Pengalaman diinterogasi aparat keamanan saat dalam "pelariannya" di Bogor
rupanya menjadi yang pertama, karena selulus SMA di kota tempat orang tuanya
tinggal itu dia kembali ke Yogyakarta untuk berkuliah. Atau tepatnya, untuk
menjadi aktivis politik.
Jika buku ini dianggap "buku putih", maka di dalamnya Budiman memperlihatkan
sosoknya, sosok diri yang berbeda dengan yang digambarkan Orde Baru.
Selain itu, dia memperlihatkan bahwa ada orang yang memang menjadikan politik
sebagai jalan hidupnya, bagaikan Musashi Miyamoto yang hidup di jalan pedang.
Budiman juga bercerita tentang konsistensinya berjuang dari desa sebagai misinya
dalam berpolitik.
Bagi lelaki kelahiran 1970 itu, desa merupakan tempat yang pas untuk melacak
mengapa ada kemiskinan, ketakutan dan ketidakpedulian.
Desa disebutnya sebagai akar dari berbagai permasalahan kemiskinan dan
ketakutan pada Orde Baru. Sedangkan kota besar hanyalah muara tempat
berkumpulnya sampah dan bangkai yang diseret banjir bandang kemiskinan dan
ketakutan di desa-desa.
Di desa tempat tinggalnya, Budiman bercerita tentang kematian akibat kemiskinan
pada orang-orang yang dikenalnya.
Di sana pula dia melihat bagaimana orang-orang takut pada rejim Orde Baru dan
wajib memilih Golkar saat pemilu.
Bahkan kakeknya, yang adalah pendukung setia Soekarno justru, mau tidak mau,
harus menggiring warganya untuk memilih Golkar.
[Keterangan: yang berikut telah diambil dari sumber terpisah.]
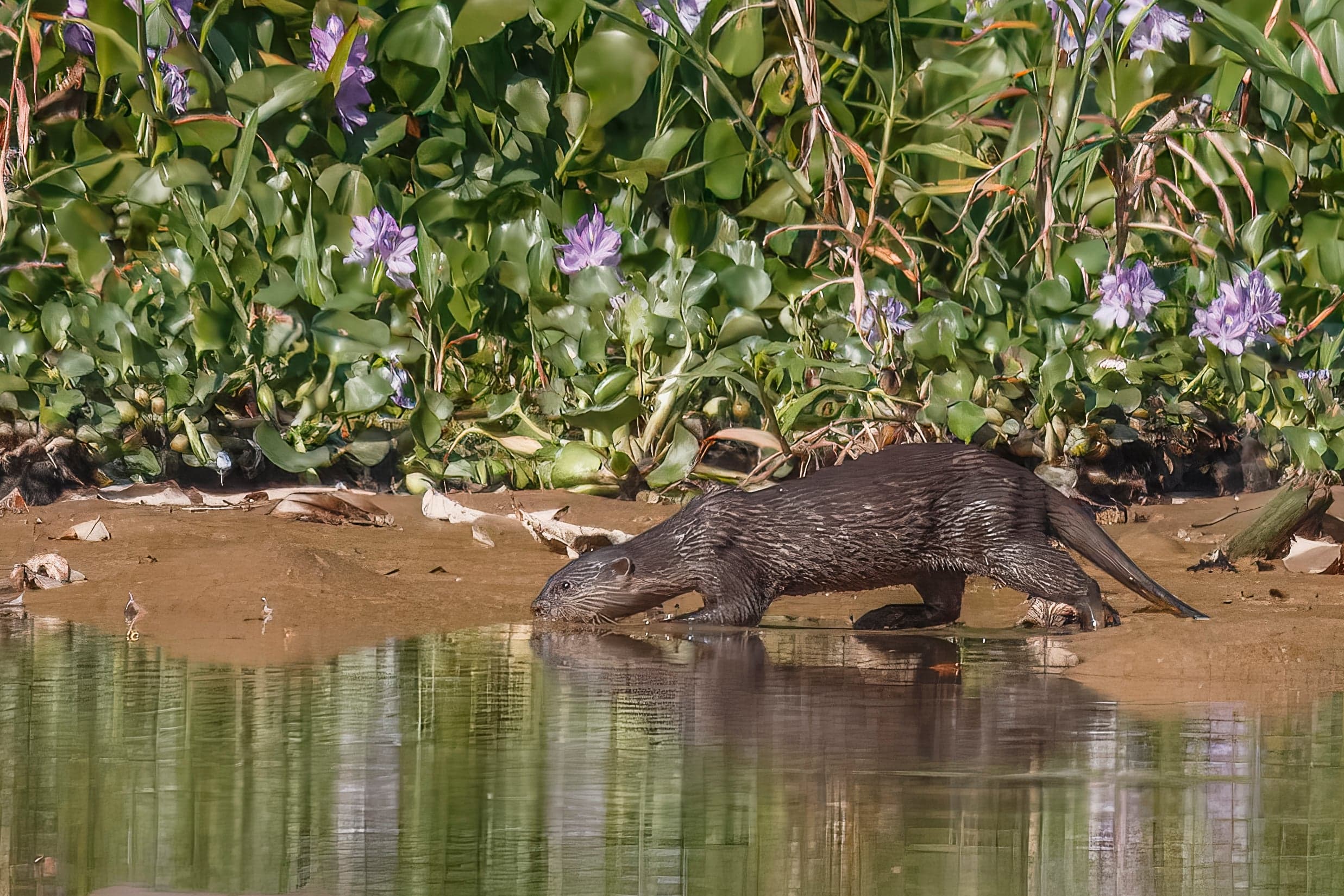 A smooth-coated otter resting on a riverbank with wet fur gleaming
Konsistensi bergerak dari desa itu terus bisa diikuti, dan ketika dia menjadi
anggota dewan, justru dia sudah memiliki sesuatu untuk diperjuangkan. Budiman
adalah Wakil Ketua Pansus RUU Desa di DPR-RI periode 2009-2014.
5
Ini tentu saja berbeda dengan banyaknya orang yang masuk ke dunia politik secara
"ujug-ujug".
Seperti dalam novel ini, rupanya Budiman benar-benar belajar dari buku, seperti
yang juga dilakukan politisi di zaman pergerakan.
Dengan buku yang disebut sebagai jilid I ini, dia juga meniru politisi pergerakan
yang menguraikan konsep dan pikiran lewat buku.
Politisi dan buku, sesuatu yang langka saat ini.